Brief
Please reproduce exactly, and only, the line containing "Telefon lädt, Kaffeetasse, Vase, Laptop" and every line after it to the end of the records below, leaving out all pictures.

Supplied data
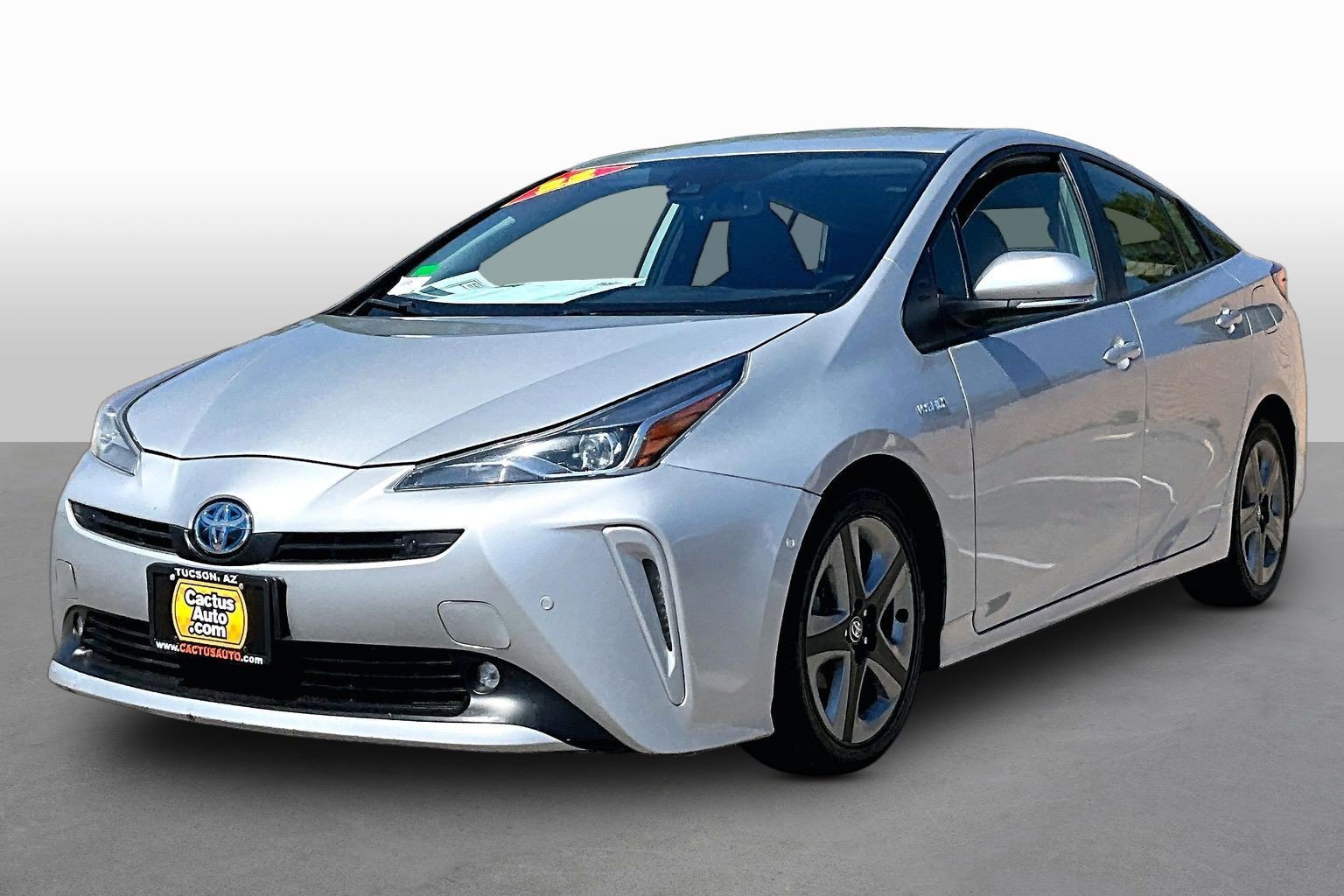 Used 2022 Toyota Prius XLE FWD video 1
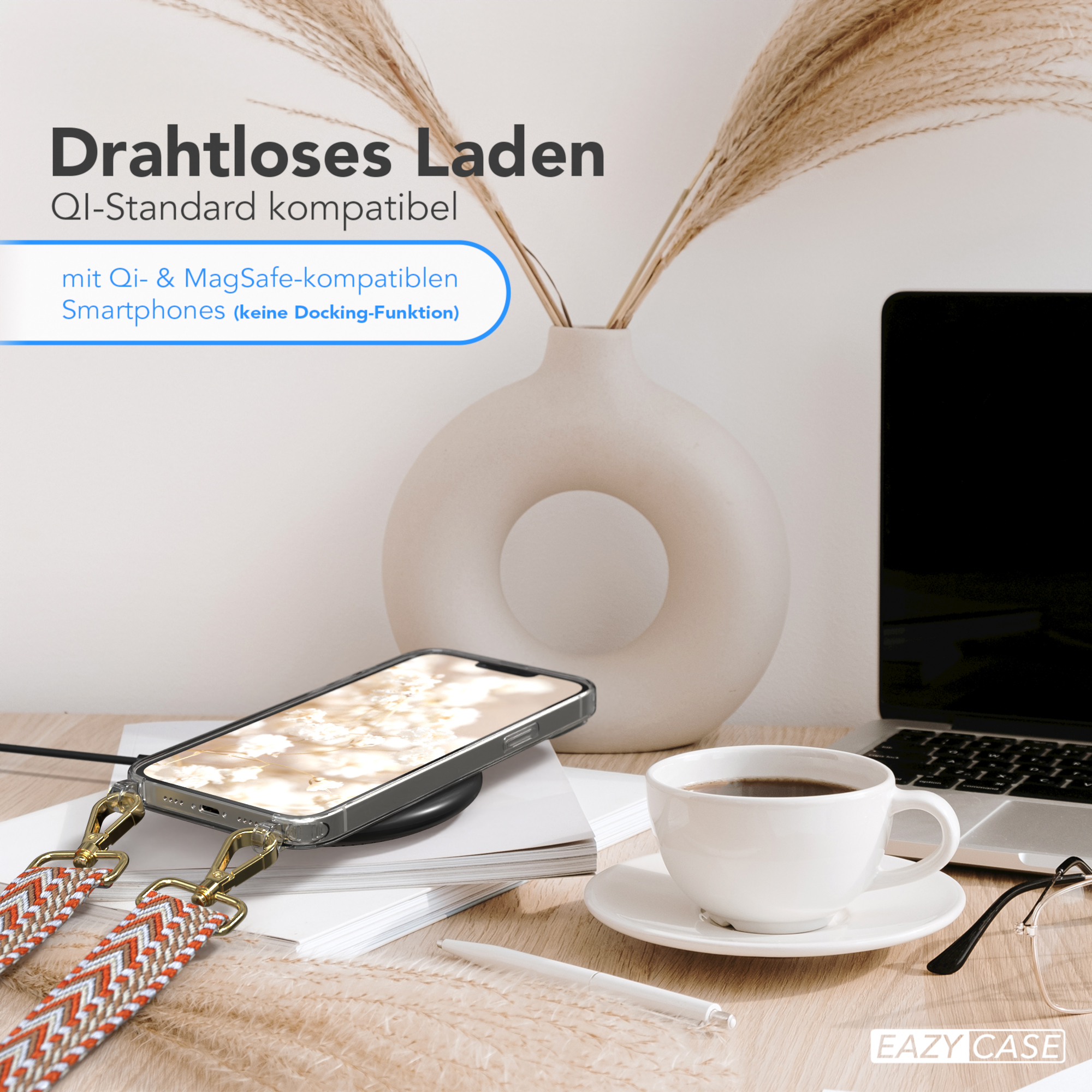 Telefon lädt, Kaffeetasse, Vase, Laptop und Brille auf Holztisch. Kabelloses Laden.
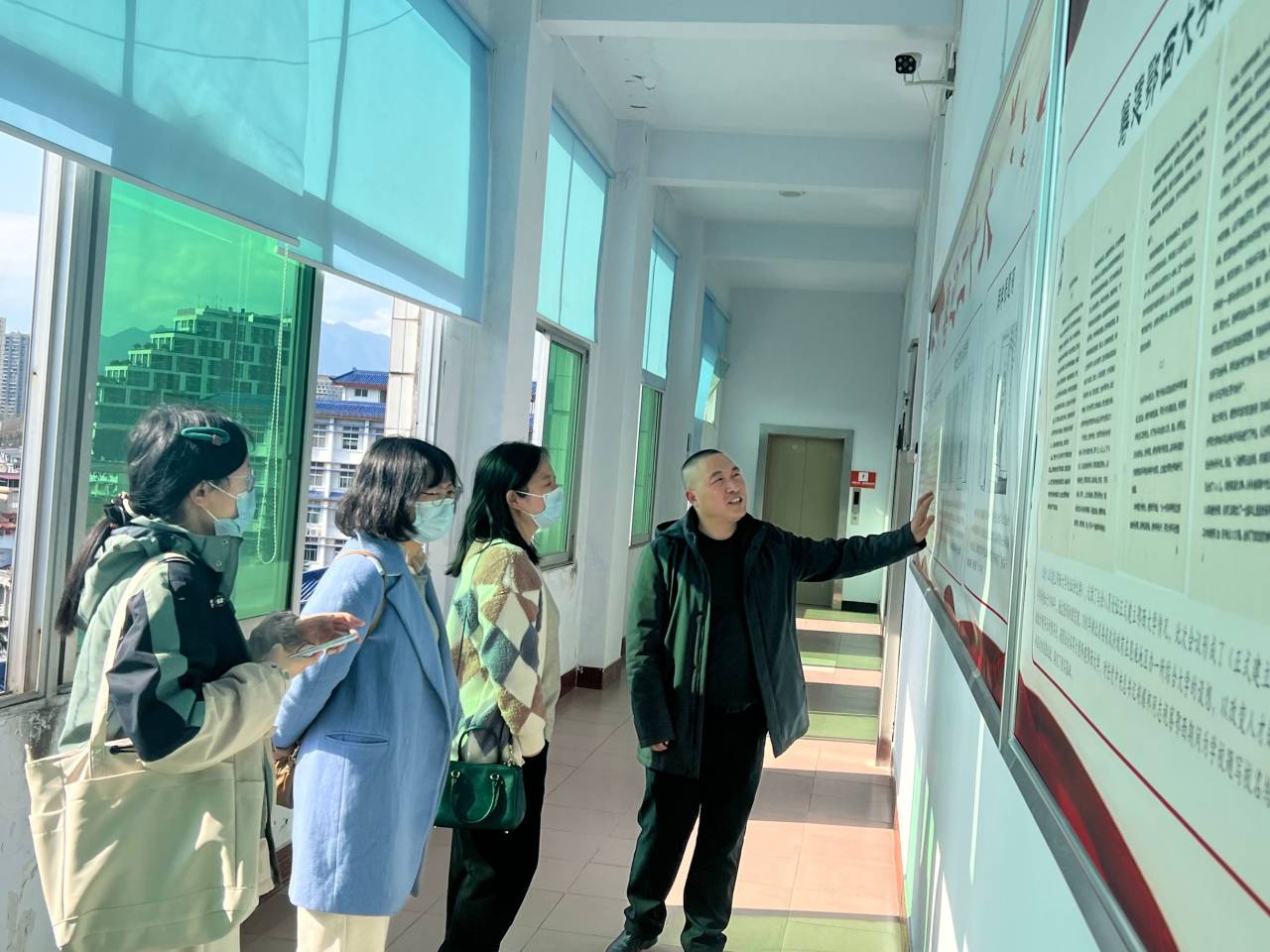 武汉传媒学院蒋萦一行来馆交流学习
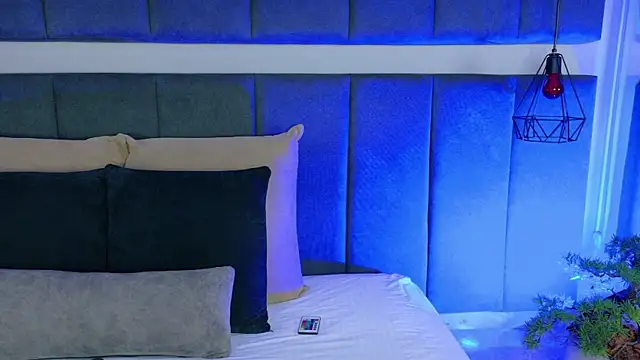 Snapshot of Adaa_Stone chatting on 31, 10, 2025 Adaa Stone online show from 31, 10, 2025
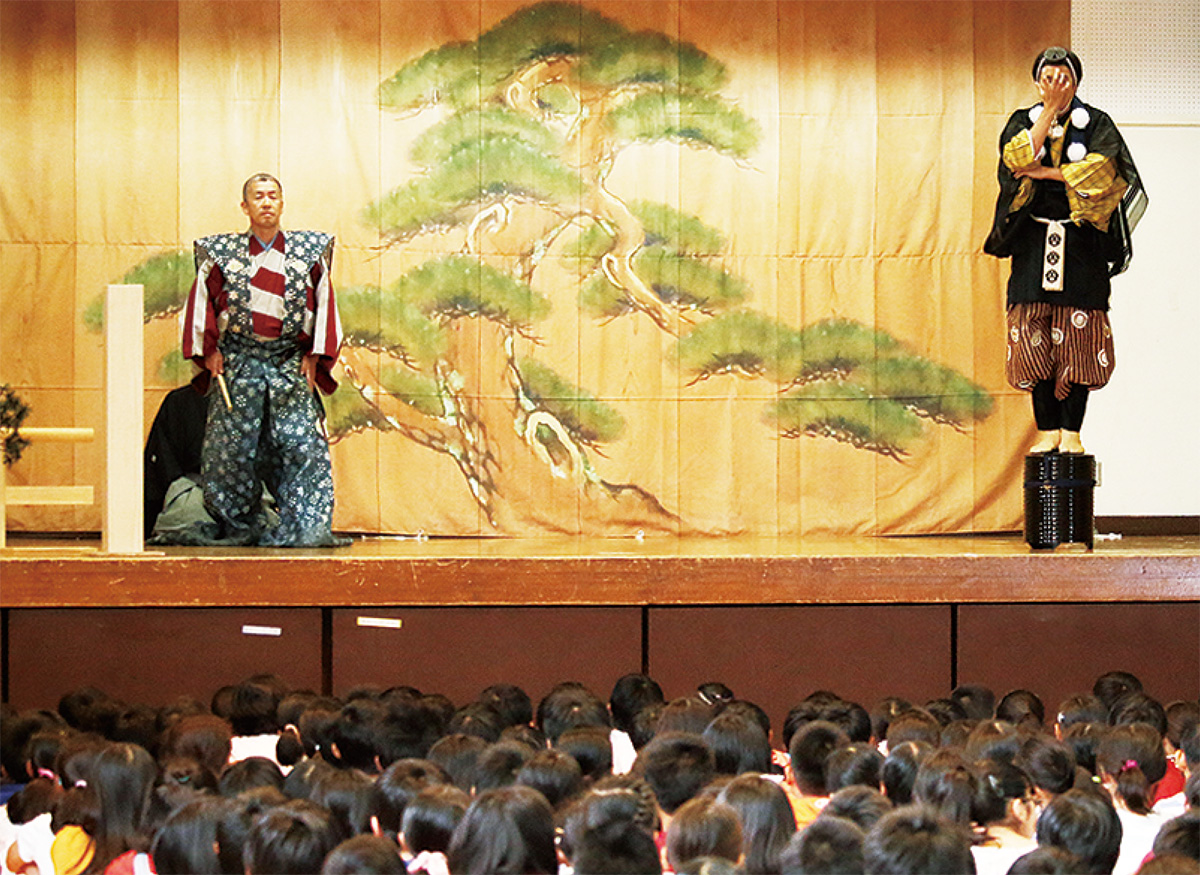 体育館が能舞台に 笠間小で能 狂言体験 港南区 栄区 タウンニュース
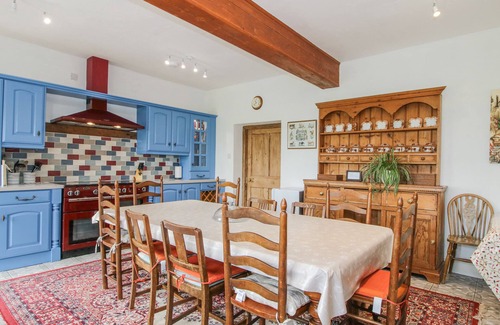Loppington Cottage | THE MANOR HOUSE AT KENWICK LODGE, family friendly in Cockshutt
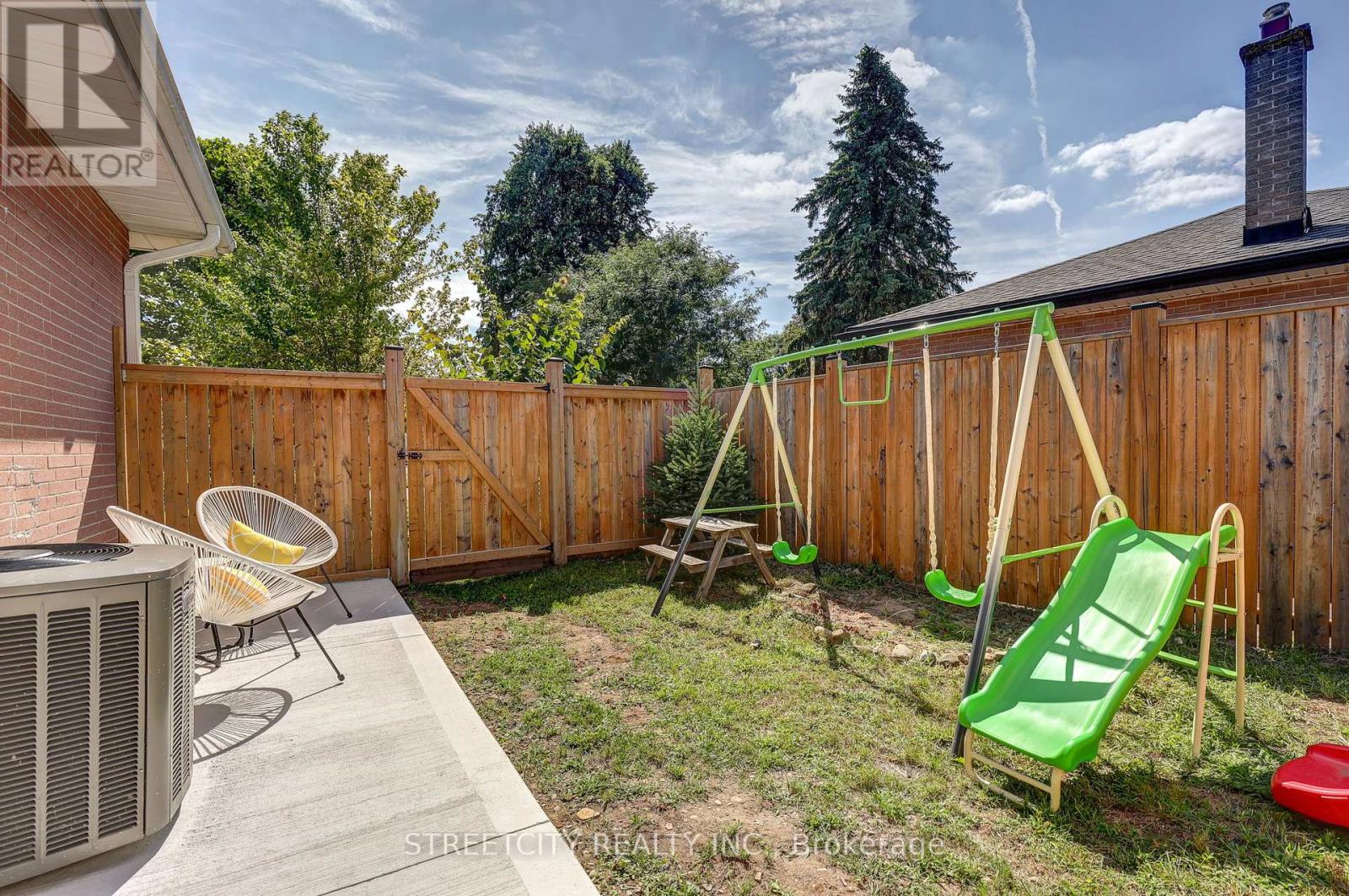 260 Tweedsmuir Avenue, London East, Ontario  N5W 1L3 - Photo 45 - X12388899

Your solution
 Telefon lädt, Kaffeetasse, Vase, Laptop und Brille auf Holztisch. Kabelloses Laden.
 武汉传媒学院蒋萦一行来馆交流学习
 Snapshot of Adaa_Stone chatting on 31, 10, 2025 Adaa Stone online show from 31, 10, 2025
 体育館が能舞台に 笠間小で能 狂言体験 港南区 栄区 タウンニュース
Loppington Cottage | THE MANOR HOUSE AT KENWICK LODGE, family friendly in Cockshutt
 260 Tweedsmuir Avenue, London East, Ontario  N5W 1L3 - Photo 45 - X12388899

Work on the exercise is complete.